D.E. Shaw · Primly Community

D.E. Shaw coding interview and online assessment: format, difficulty, and what tripped me up

mobile_mara · 5 replies

Went through two rounds of their online assessment plus two live coding phone screens recently. Here's the honest breakdown because I wish someone had told me what to actually prepare for.

The OA

Two coding problems, 90 minutes total. The platform was HackerRank. You get to choose your language. I did Python and had no issues with the environment.

Difficulty: one medium, one that I'd call medium-hard. The medium was a graph traversal problem with a twist (edge weights with conditional behavior). The harder one involved some number theory that caught me off guard. If you've only done the 'easy and medium Leetcode grind' you might hit a wall on the harder problem.

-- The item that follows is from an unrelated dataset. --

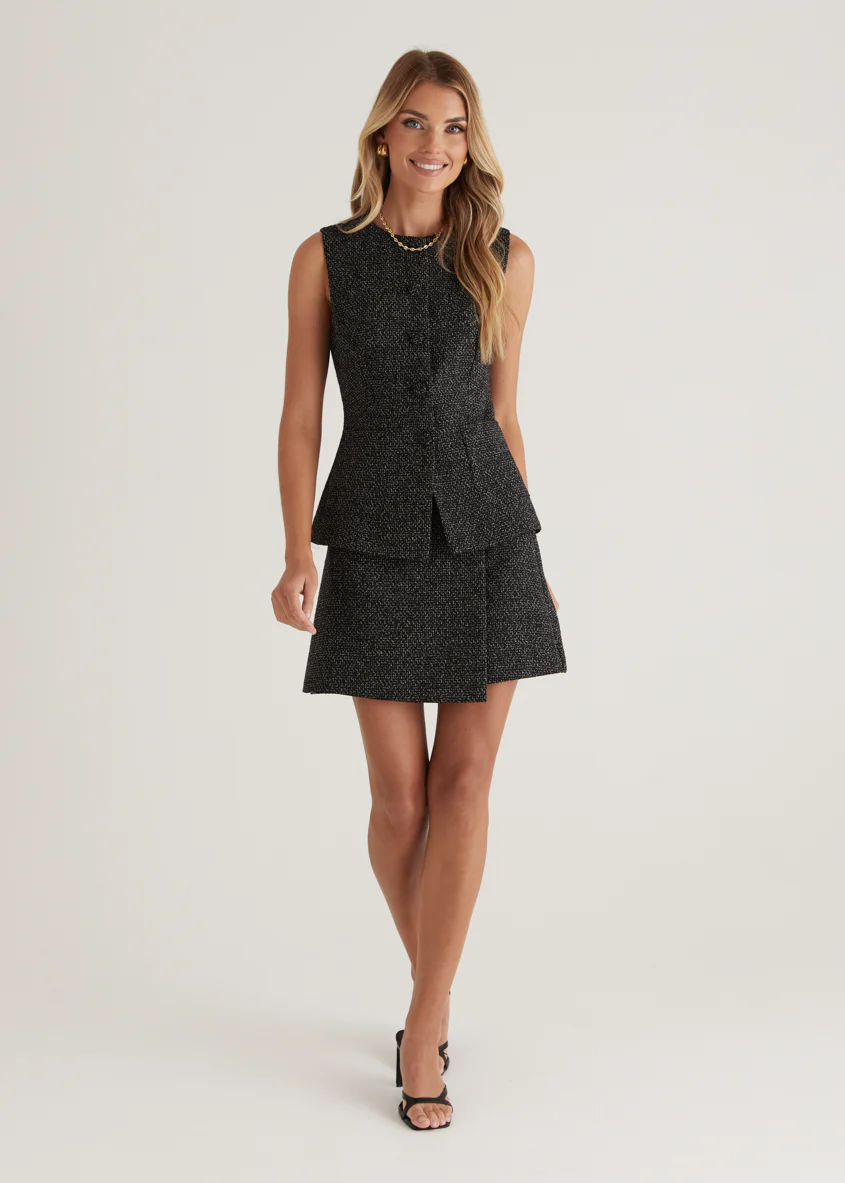Minnie Vest Top - Black Marl - Image 9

There's no proctoring camera on the OA, but don't assume that means it doesn't matter. I was told the solutions get reviewed by an engineer, not just auto-scored. Readability and correctness of your solution structure apparently matters.

Live coding phone screens

These were more open-ended than the OA. One interviewer asked a problem I'd classify as Leetcode hard (interval scheduling with a resource constraint I hadn't seen before). The other was a graph problem that was medium but with a follow-up that pushed into hard territory.

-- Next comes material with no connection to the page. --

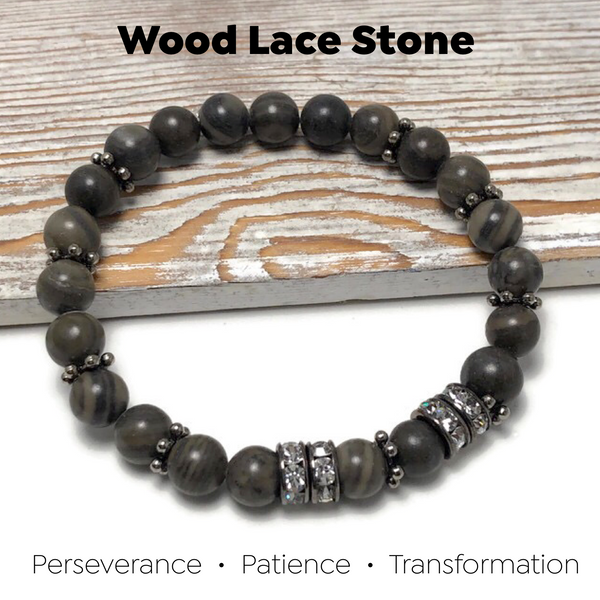 HEALING STONES - Wood Lace Stone Womens Stretch Bracelet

Both interviewers were fine with me thinking out loud and asking clarifying questions. One explicitly said 'take a minute before you write anything.'

What I'd prepare: Leetcode mediums until they feel easy, then start adding hards from the graph, DP, and intervals categories. The string manipulation and array sliding-window stuff is less likely to appear at the senior level. Also review time and space complexity formally. They asked me to prove my solution's time complexity in one round, not just state it.

Not a leetcode grind factory in the worst sense, but you need to be solid. It's quant finance. They hire people who can actually think about algorithmic complexity.

5 replies

newgrad_neil

Did you get the OA link right after the recruiter screen or was there a waiting period? I finished my recruiter screen yesterday and haven't gotten anything yet.

de_derek

For me it was 2 business days after the recruiter screen. If it goes past 4 days, just email the recruiter. They probably have to manually trigger it.

qa_quinn

The 'solutions reviewed by an engineer' thing is real and underrated. I made the mistake at another firm of submitting ugly code that happened to pass test cases. They told me after that the code quality was a flag. Clean code matters even on OAs.

corp_refugee

Number theory showing up tracks. They have a strong math-forward culture. If you haven't touched modular arithmetic or combinatorics since college, spend a week or two there. Nothing exotic, but it can appear.

content_cole

Counterpoint: I found the OA easier than described here. Maybe they vary it. One of my two problems was genuinely easy (just nested loops). Don't over-prepare to the point you're scared walking in.